§ Exercise details: Could you write out, word for word, each line from the one containing "信阳纪念号价值发现:从茶韵山水到城市记忆的文化符号升值之路 第2张 信阳纪念号价值发现:从茶韵山水到城市记忆的文化符号升值之路" to the last line of the data below, both included and nothing more?

§ Data under study:
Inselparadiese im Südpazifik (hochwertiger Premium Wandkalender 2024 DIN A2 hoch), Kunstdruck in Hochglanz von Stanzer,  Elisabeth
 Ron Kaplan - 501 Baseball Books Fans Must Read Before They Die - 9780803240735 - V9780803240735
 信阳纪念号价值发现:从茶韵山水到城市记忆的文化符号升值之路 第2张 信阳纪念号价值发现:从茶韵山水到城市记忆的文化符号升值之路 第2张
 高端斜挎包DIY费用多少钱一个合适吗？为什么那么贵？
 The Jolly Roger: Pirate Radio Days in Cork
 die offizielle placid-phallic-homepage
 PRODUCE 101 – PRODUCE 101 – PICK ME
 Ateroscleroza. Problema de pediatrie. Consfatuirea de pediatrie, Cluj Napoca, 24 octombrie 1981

§ Task result:
 信阳纪念号价值发现:从茶韵山水到城市记忆的文化符号升值之路 第2张 信阳纪念号价值发现:从茶韵山水到城市记忆的文化符号升值之路 第2张
 高端斜挎包DIY费用多少钱一个合适吗？为什么那么贵？
 The Jolly Roger: Pirate Radio Days in Cork
 die offizielle placid-phallic-homepage
 PRODUCE 101 – PRODUCE 101 – PICK ME
 Ateroscleroza. Problema de pediatrie. Consfatuirea de pediatrie, Cluj Napoca, 24 octombrie 1981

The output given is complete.